» THE INPUT:
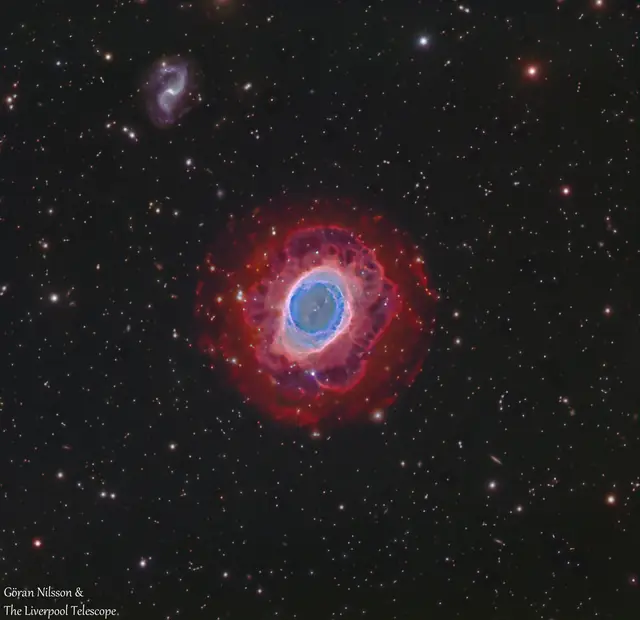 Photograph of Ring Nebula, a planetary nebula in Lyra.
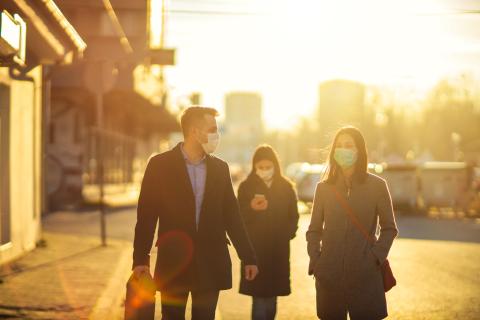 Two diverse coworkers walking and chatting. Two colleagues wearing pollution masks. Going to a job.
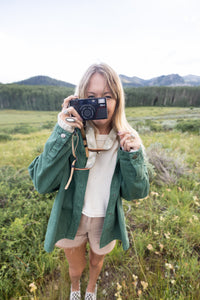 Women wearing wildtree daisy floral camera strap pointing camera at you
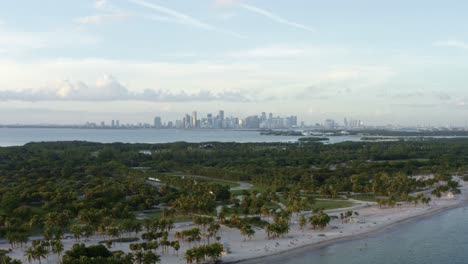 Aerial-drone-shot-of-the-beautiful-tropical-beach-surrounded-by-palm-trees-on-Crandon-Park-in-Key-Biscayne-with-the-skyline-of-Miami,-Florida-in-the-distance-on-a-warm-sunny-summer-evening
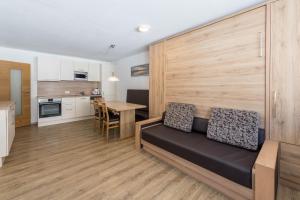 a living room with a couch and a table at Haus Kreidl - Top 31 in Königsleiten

==

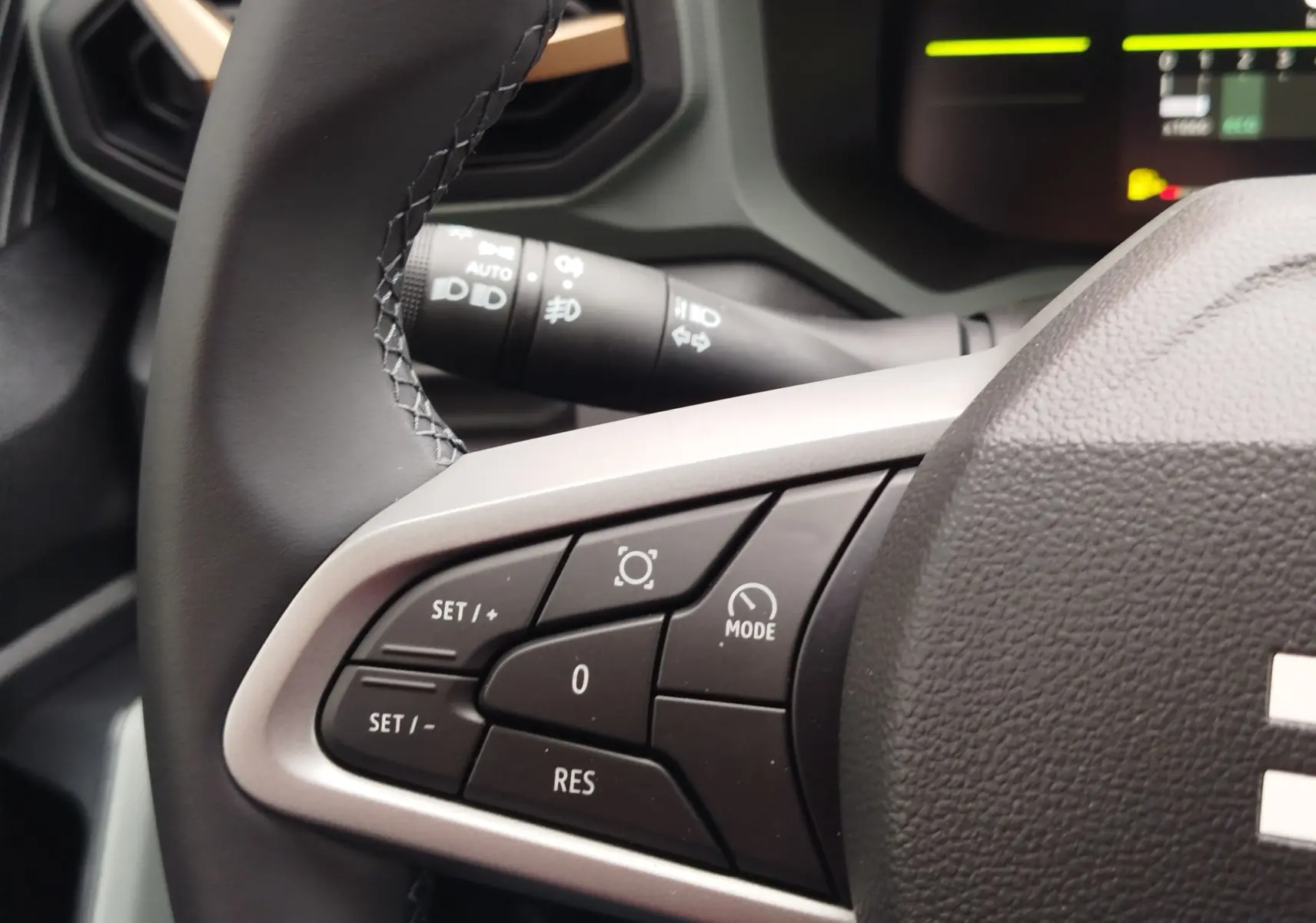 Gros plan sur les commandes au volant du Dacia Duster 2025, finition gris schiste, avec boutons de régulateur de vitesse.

--

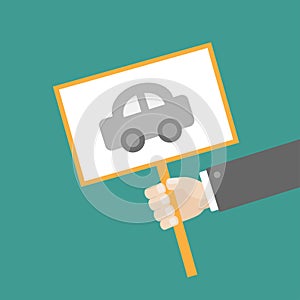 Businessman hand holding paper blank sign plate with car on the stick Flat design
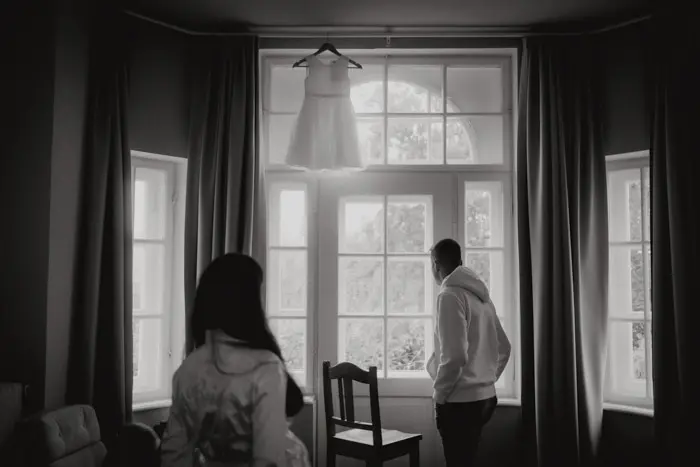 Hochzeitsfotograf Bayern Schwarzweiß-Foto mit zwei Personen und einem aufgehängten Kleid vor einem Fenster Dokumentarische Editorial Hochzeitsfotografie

» WHAT IS EXPECTED: Restate the lines above from the one containing "Photograph of Ring" through the one containing "a living room", inclusive, exactly and without pictures.

» RESPONSE FOR THIS EXERCISE:
 Photograph of Ring Nebula, a planetary nebula in Lyra.
 Two diverse coworkers walking and chatting. Two colleagues wearing pollution masks. Going to a job.
 Women wearing wildtree daisy floral camera strap pointing camera at you
 Aerial-drone-shot-of-the-beautiful-tropical-beach-surrounded-by-palm-trees-on-Crandon-Park-in-Key-Biscayne-with-the-skyline-of-Miami,-Florida-in-the-distance-on-a-warm-sunny-summer-evening
 a living room with a couch and a table at Haus Kreidl - Top 31 in Königsleiten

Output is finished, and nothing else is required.